* ABOUT THIS EXERCISE:
Without copying any picture, transcribe exactly the lines of the data below from the one containing "赵露思突然大量取关！热搜爆了图片" through the one containing "dry goods knit".

* DATA SUPPLIED:
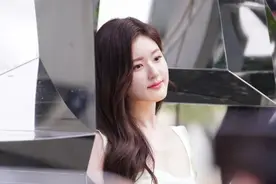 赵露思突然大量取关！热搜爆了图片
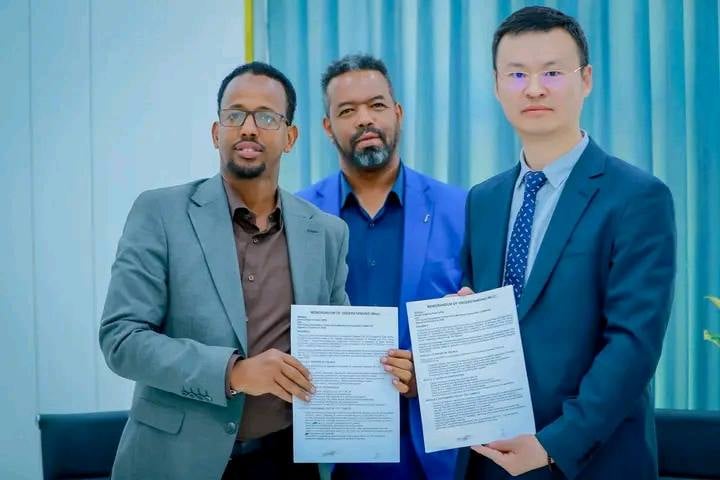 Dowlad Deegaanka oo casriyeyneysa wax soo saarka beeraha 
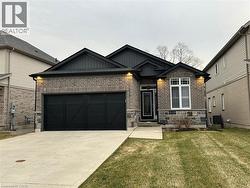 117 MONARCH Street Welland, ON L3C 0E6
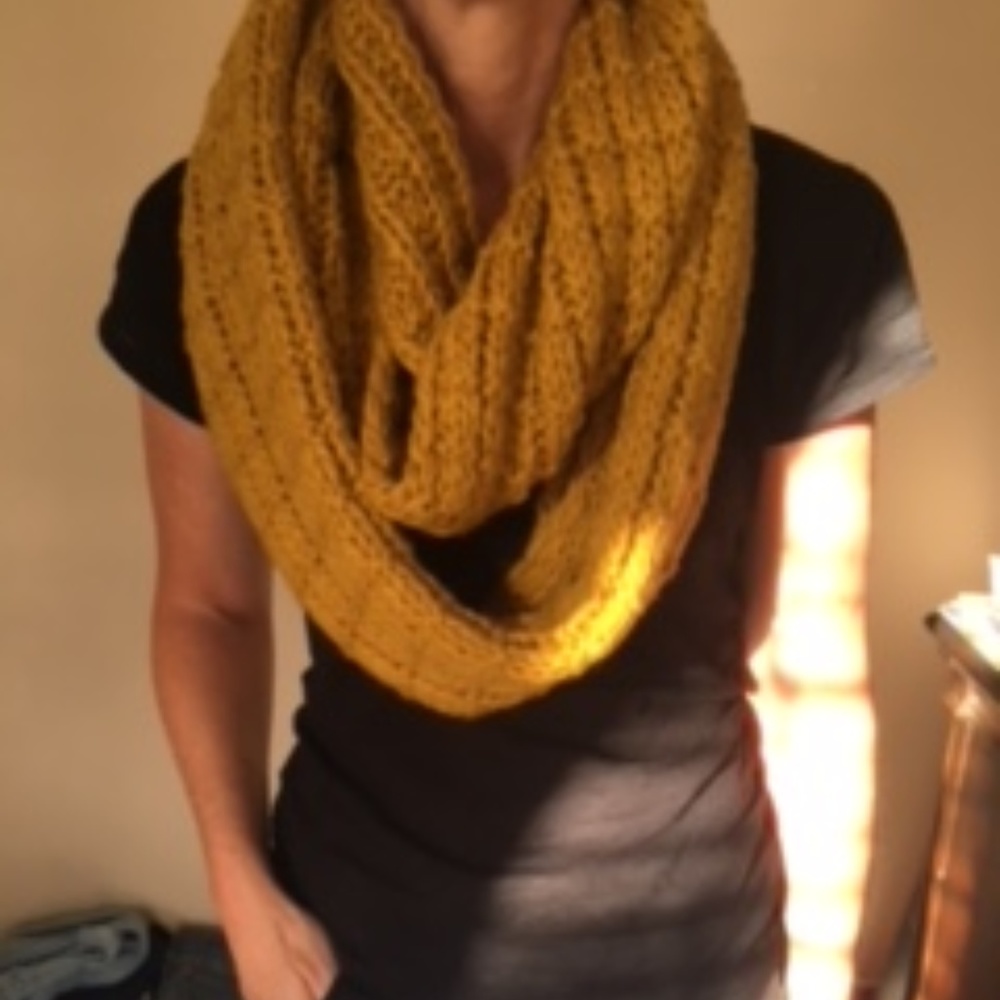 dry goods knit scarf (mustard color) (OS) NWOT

* * *

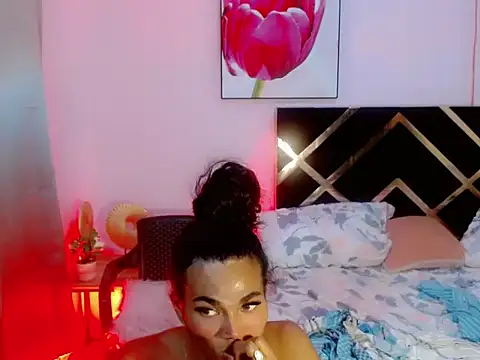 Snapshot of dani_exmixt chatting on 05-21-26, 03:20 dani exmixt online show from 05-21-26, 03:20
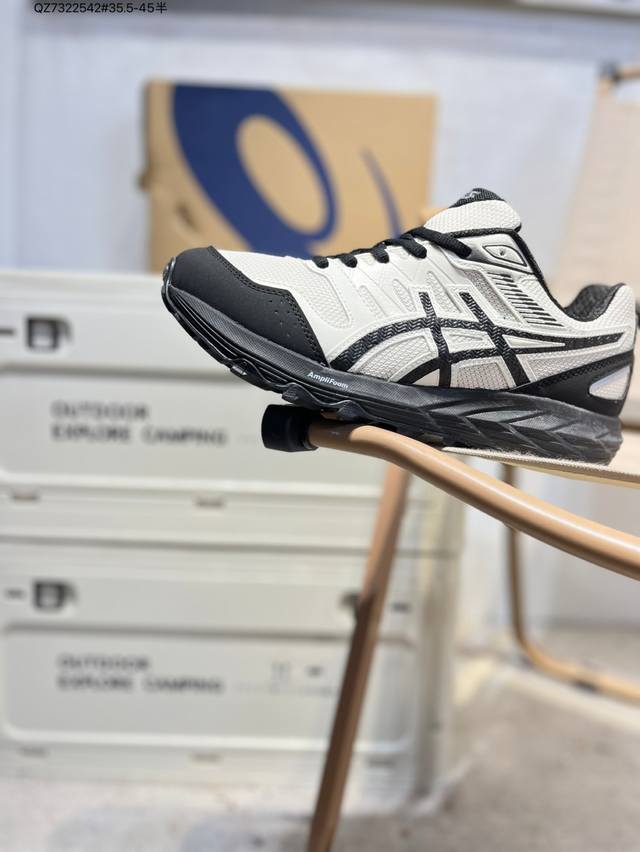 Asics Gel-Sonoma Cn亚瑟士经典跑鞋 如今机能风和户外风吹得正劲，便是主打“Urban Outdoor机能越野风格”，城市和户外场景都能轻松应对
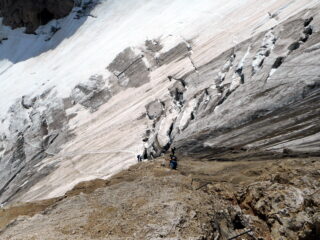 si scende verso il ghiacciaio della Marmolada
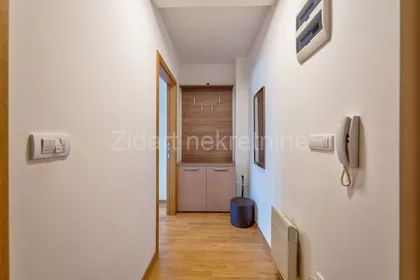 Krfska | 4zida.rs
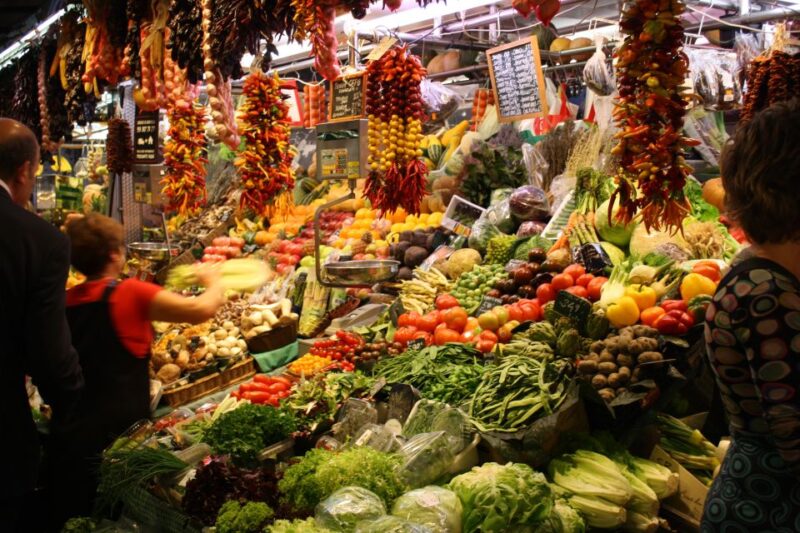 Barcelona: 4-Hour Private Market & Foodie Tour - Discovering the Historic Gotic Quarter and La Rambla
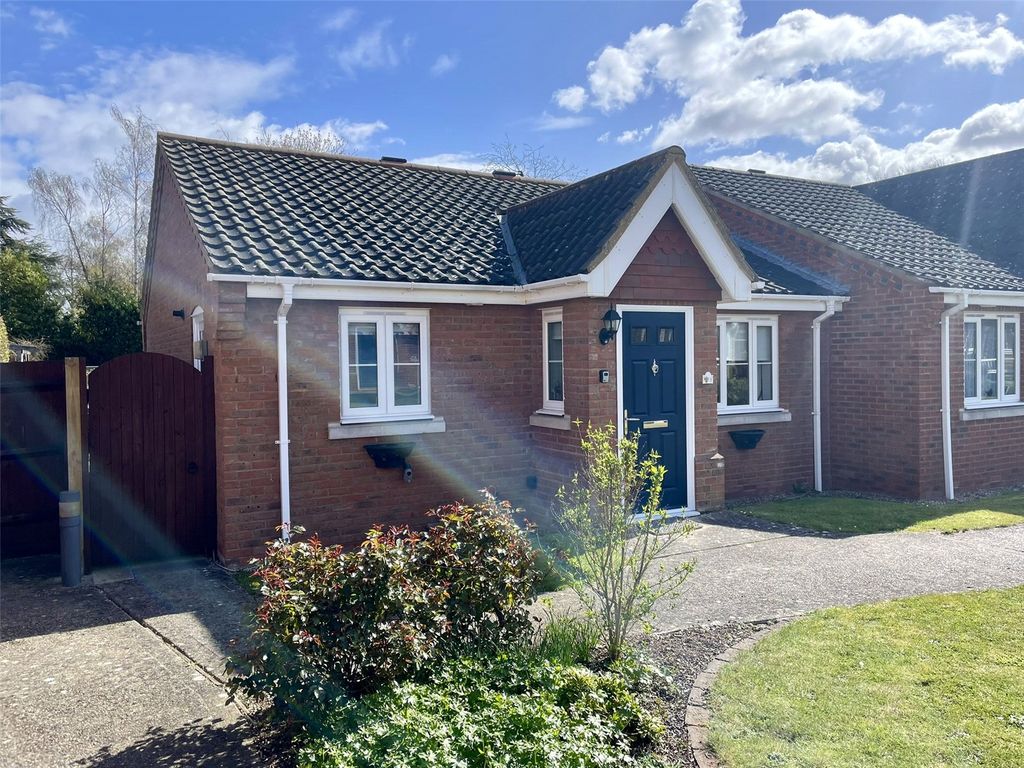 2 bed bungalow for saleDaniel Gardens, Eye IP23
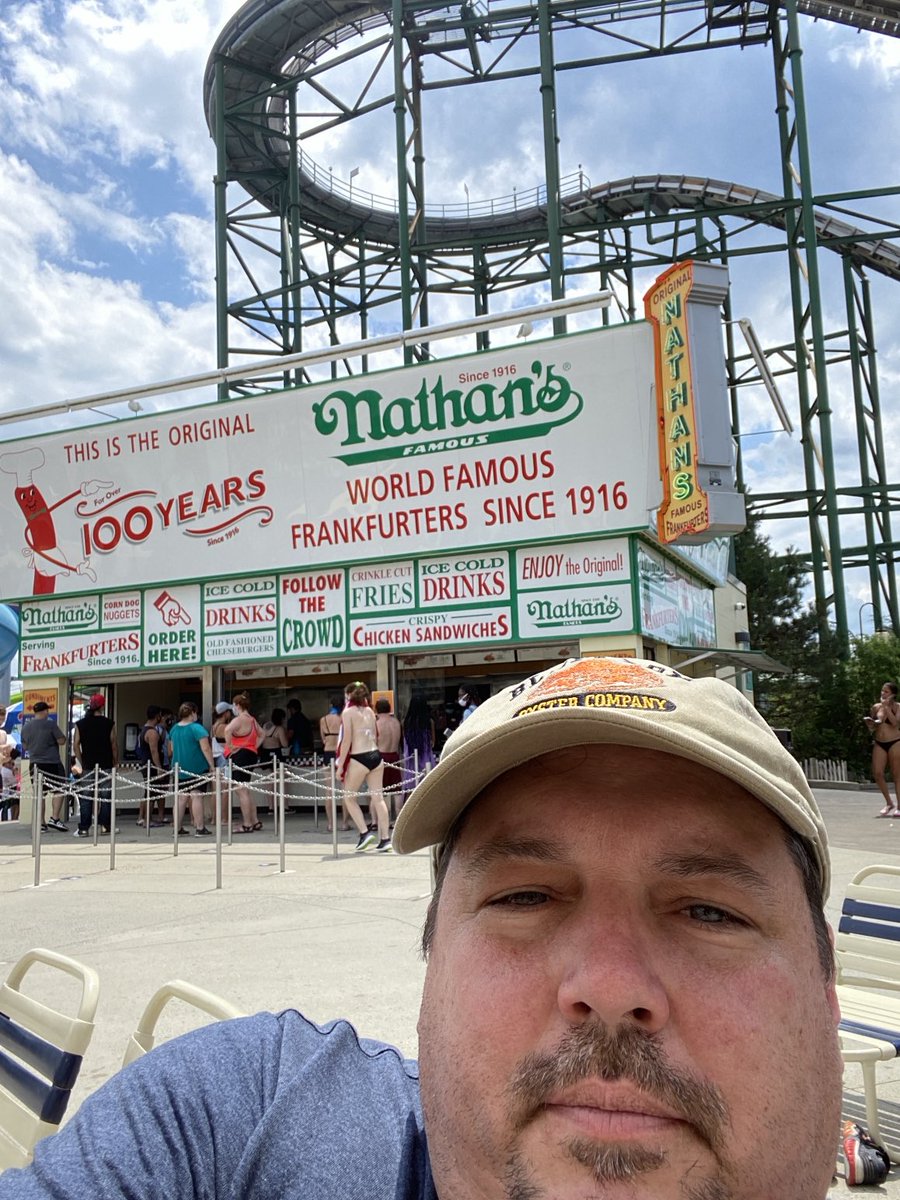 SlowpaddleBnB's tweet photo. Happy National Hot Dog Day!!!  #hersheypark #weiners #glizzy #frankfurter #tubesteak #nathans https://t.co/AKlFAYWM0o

--

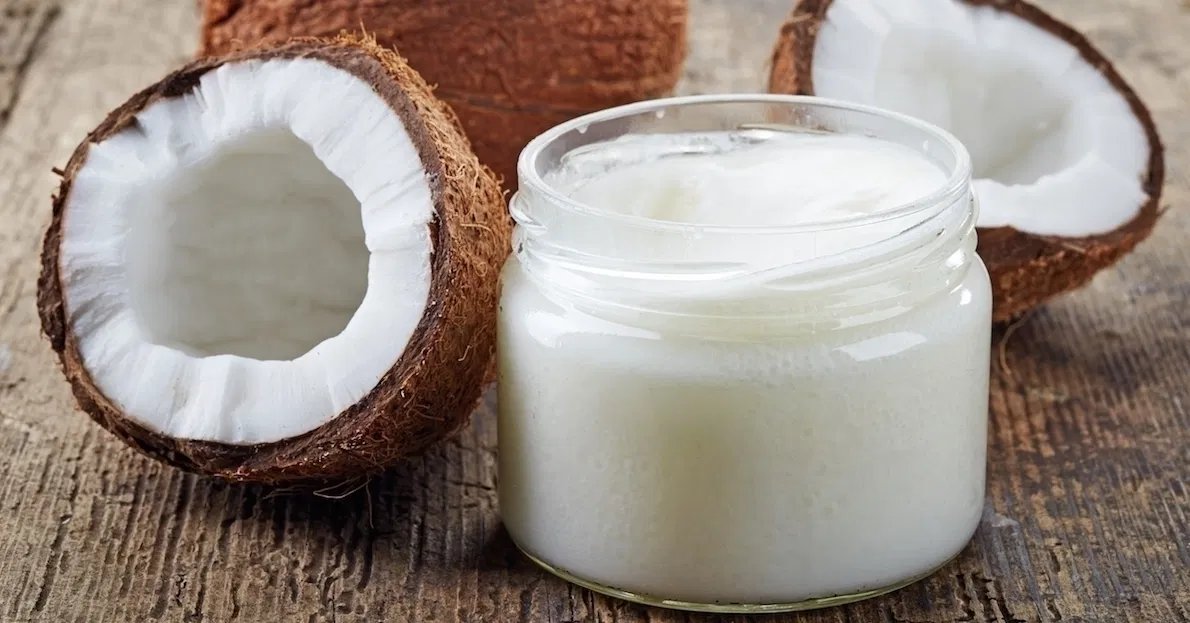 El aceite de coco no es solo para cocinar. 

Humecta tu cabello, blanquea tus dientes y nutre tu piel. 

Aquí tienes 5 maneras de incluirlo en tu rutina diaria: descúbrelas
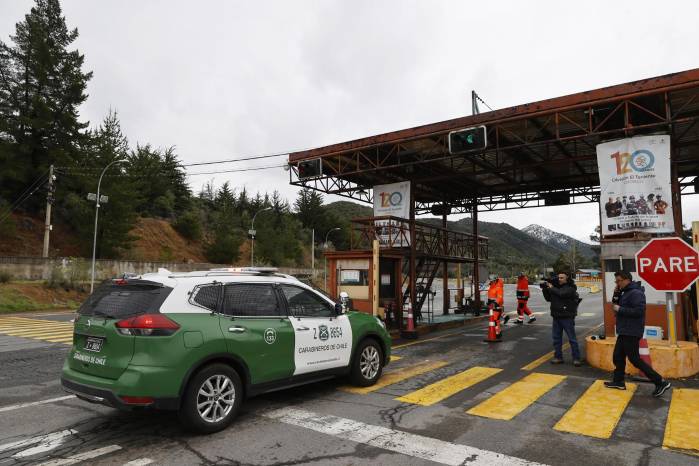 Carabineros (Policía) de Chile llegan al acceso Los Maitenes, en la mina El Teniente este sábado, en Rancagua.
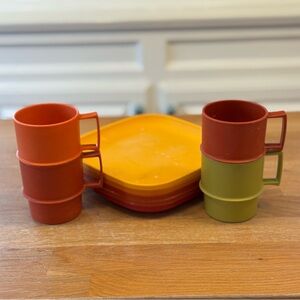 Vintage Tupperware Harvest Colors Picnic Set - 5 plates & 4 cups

* ANSWER BELOW:
 赵露思突然大量取关！热搜爆了图片
 Dowlad Deegaanka oo casriyeyneysa wax soo saarka beeraha 
 117 MONARCH Street Welland, ON L3C 0E6
 dry goods knit scarf (mustard color) (OS) NWOT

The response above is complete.